Exercise material: Begin

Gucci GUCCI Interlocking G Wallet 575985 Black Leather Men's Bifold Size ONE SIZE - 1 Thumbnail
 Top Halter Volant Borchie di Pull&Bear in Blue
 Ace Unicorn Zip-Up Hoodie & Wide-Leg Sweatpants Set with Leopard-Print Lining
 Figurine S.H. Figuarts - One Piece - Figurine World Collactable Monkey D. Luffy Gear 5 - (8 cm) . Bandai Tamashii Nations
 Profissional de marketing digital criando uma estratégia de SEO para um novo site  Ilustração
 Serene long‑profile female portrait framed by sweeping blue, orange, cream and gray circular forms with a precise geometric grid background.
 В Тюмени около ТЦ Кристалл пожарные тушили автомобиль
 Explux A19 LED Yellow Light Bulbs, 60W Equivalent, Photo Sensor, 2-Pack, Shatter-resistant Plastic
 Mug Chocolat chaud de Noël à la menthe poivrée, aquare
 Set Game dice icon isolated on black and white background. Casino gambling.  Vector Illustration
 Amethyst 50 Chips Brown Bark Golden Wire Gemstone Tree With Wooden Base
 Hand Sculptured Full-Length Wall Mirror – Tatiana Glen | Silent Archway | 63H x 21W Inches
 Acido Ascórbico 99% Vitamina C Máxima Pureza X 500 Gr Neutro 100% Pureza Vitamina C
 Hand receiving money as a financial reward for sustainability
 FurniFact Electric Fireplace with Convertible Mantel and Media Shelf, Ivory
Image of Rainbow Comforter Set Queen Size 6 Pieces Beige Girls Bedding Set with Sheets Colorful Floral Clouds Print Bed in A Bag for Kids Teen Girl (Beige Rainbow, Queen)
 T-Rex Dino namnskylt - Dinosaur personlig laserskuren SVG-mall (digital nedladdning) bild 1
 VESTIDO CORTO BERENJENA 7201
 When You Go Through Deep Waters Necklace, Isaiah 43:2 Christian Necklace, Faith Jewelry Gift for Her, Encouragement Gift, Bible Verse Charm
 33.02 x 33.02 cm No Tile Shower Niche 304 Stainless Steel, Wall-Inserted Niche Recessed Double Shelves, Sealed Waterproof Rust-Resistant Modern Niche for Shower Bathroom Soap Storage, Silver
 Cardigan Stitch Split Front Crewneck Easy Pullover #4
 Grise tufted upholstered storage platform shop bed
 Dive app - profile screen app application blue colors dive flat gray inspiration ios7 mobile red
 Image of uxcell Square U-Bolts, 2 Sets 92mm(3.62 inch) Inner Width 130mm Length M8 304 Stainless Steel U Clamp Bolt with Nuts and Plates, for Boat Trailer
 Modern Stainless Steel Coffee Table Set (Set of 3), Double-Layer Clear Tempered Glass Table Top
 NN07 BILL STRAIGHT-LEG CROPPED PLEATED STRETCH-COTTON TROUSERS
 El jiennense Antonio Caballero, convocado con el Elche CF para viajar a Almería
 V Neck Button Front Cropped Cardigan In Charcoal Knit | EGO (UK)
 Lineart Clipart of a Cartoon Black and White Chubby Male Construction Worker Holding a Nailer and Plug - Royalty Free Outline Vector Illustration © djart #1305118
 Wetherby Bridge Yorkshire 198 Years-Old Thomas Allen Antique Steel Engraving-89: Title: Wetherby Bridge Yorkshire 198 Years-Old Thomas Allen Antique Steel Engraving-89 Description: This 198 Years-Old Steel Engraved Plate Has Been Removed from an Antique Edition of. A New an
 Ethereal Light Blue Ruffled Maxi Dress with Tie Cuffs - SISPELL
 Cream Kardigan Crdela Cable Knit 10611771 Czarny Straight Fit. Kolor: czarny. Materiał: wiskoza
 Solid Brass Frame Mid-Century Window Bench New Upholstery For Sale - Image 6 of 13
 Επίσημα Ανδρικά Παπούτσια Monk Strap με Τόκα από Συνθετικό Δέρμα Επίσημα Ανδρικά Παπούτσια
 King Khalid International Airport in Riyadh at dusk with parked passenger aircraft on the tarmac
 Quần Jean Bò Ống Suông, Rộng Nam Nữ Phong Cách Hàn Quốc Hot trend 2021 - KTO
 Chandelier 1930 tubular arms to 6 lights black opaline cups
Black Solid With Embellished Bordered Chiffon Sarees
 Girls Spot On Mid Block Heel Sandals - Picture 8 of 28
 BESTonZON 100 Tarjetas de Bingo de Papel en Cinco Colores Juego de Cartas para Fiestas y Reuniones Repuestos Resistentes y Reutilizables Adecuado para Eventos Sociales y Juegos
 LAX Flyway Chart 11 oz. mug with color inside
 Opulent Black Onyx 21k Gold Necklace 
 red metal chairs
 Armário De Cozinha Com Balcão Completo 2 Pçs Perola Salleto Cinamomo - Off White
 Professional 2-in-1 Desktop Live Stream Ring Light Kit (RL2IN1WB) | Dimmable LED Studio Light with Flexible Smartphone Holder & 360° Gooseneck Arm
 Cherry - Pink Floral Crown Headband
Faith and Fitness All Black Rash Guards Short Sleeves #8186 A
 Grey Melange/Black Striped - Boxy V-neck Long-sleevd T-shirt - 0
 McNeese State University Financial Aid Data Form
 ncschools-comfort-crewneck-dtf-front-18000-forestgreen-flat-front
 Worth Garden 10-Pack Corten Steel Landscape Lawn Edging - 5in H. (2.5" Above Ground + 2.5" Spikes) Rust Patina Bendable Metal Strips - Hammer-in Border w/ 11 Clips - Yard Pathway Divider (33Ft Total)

Exercise material: End

Work task =>
Each line above that contains the word "Pack" should be counted, and only the total given.

Completed task =>
2